Extracted records:
#####
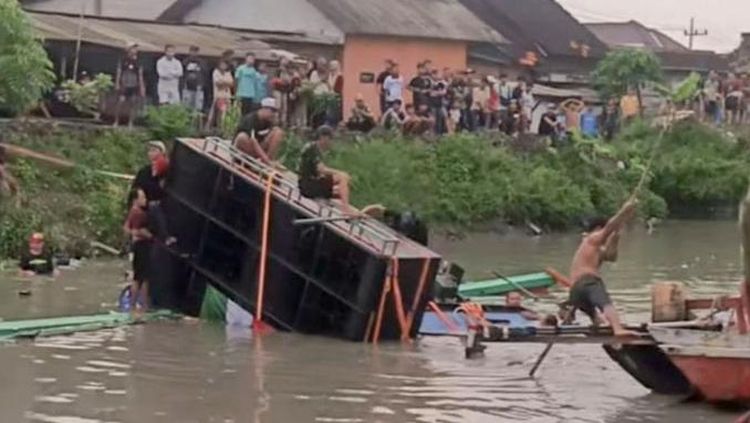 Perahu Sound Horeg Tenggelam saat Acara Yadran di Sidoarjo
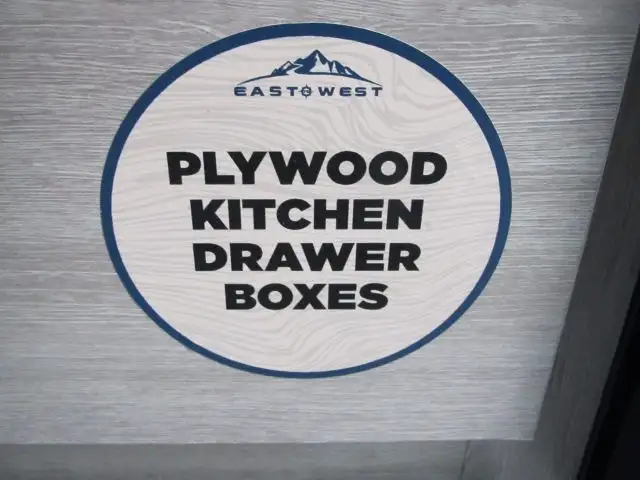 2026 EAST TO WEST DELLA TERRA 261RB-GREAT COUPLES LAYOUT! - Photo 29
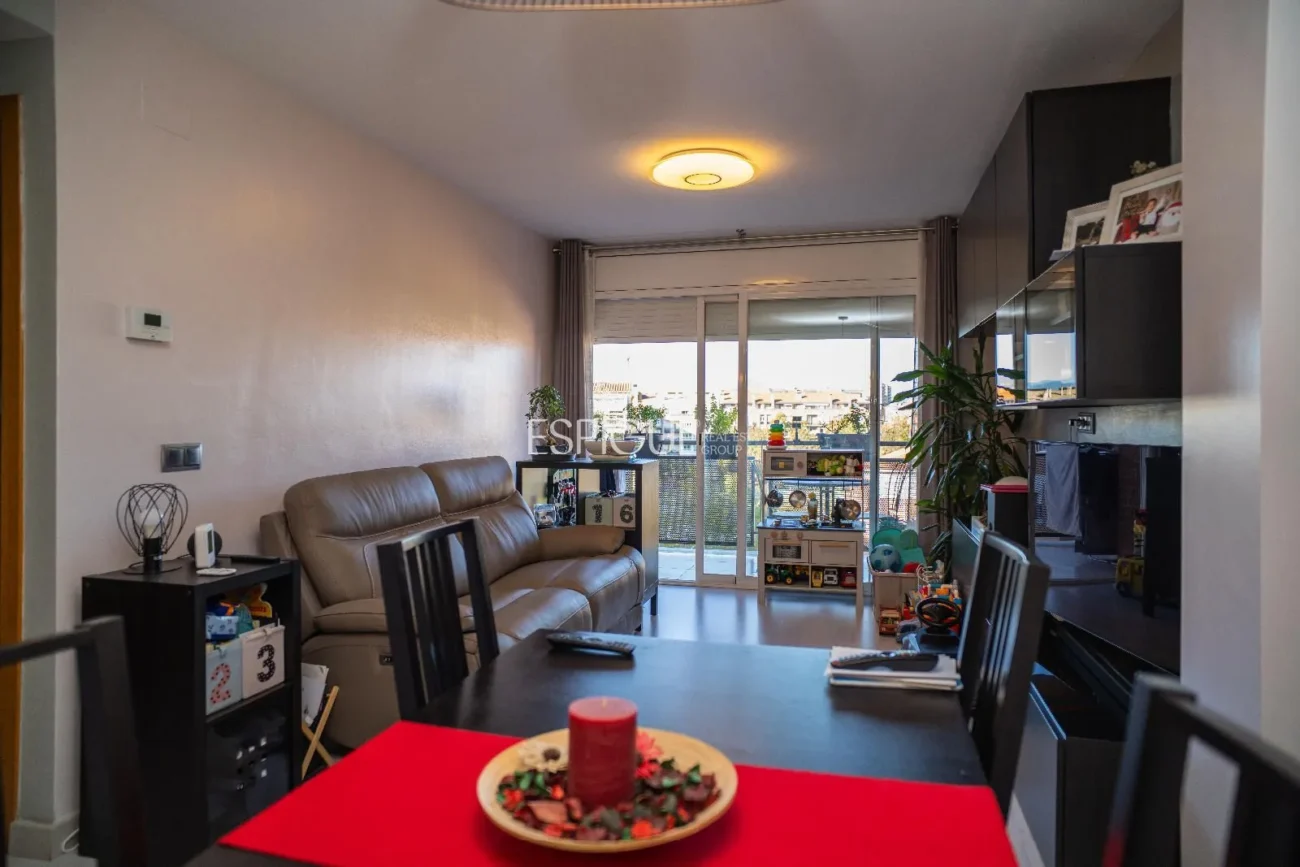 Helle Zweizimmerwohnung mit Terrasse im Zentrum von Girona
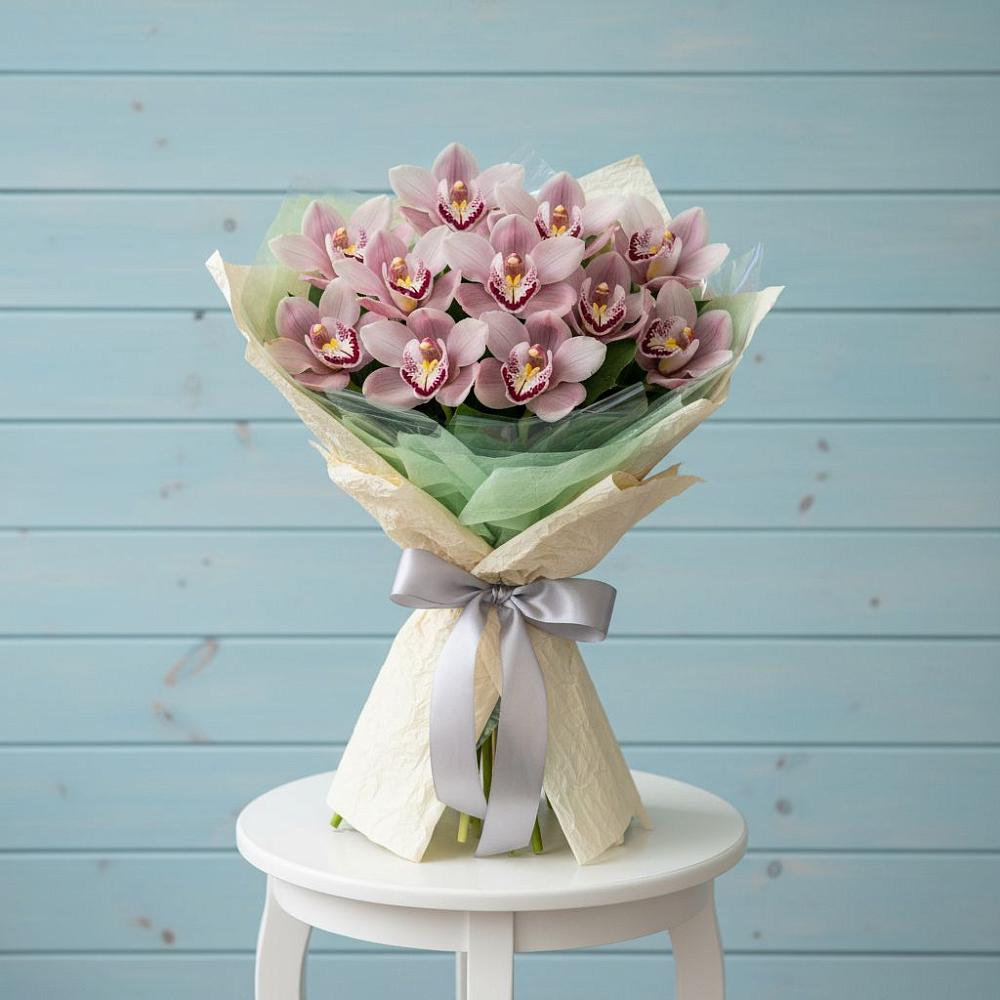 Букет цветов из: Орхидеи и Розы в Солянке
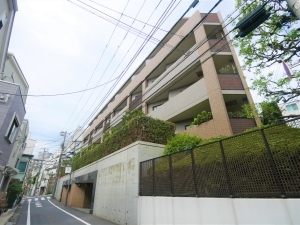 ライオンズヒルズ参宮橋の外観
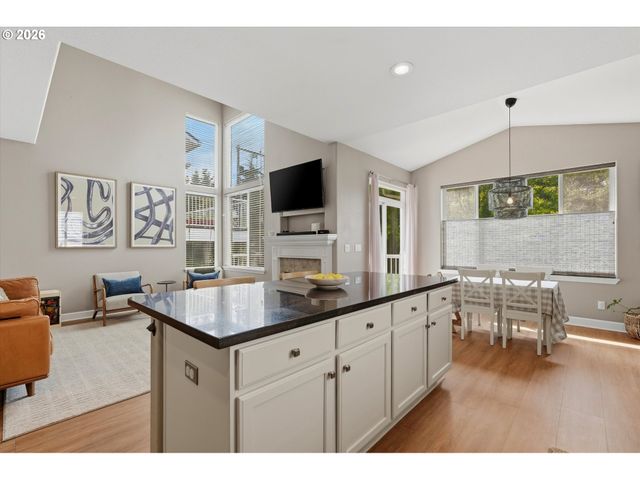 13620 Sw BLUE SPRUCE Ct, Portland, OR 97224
#####
_Your objective_
The data above needs to be retyped exactly, with the images left out.

_Written answer_
 Perahu Sound Horeg Tenggelam saat Acara Yadran di Sidoarjo
 2026 EAST TO WEST DELLA TERRA 261RB-GREAT COUPLES LAYOUT! - Photo 29
 Helle Zweizimmerwohnung mit Terrasse im Zentrum von Girona
 Букет цветов из: Орхидеи и Розы в Солянке
 ライオンズヒルズ参宮橋の外観
 13620 Sw BLUE SPRUCE Ct, Portland, OR 97224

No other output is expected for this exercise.